- **Task goal**
Up to and including the final line, retype each line of the records below, starting with the one that contains "GG denim small crossbody bag".

──────── Information provided

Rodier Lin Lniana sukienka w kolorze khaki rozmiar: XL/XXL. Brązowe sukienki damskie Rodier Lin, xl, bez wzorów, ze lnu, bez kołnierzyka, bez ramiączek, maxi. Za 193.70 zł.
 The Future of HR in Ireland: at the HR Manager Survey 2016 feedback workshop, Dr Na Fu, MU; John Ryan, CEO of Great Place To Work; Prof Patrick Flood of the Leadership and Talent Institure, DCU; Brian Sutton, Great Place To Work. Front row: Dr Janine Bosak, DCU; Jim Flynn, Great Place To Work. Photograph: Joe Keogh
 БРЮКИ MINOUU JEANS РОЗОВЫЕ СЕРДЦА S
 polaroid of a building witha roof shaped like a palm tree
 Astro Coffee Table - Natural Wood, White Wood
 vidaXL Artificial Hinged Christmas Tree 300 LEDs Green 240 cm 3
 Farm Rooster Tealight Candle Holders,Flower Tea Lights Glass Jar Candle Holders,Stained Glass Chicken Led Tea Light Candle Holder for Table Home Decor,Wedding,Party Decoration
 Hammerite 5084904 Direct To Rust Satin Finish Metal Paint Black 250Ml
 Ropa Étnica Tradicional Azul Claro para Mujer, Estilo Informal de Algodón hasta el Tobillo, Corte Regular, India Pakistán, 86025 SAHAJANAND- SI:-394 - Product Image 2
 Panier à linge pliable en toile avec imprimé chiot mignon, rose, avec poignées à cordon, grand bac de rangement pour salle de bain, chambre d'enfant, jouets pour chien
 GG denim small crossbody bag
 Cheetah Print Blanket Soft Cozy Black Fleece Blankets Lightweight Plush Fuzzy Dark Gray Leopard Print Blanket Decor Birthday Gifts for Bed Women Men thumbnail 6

────────────────

- **Response area**
 GG denim small crossbody bag
 Cheetah Print Blanket Soft Cozy Black Fleece Blankets Lightweight Plush Fuzzy Dark Gray Leopard Print Blanket Decor Birthday Gifts for Bed Women Men thumbnail 6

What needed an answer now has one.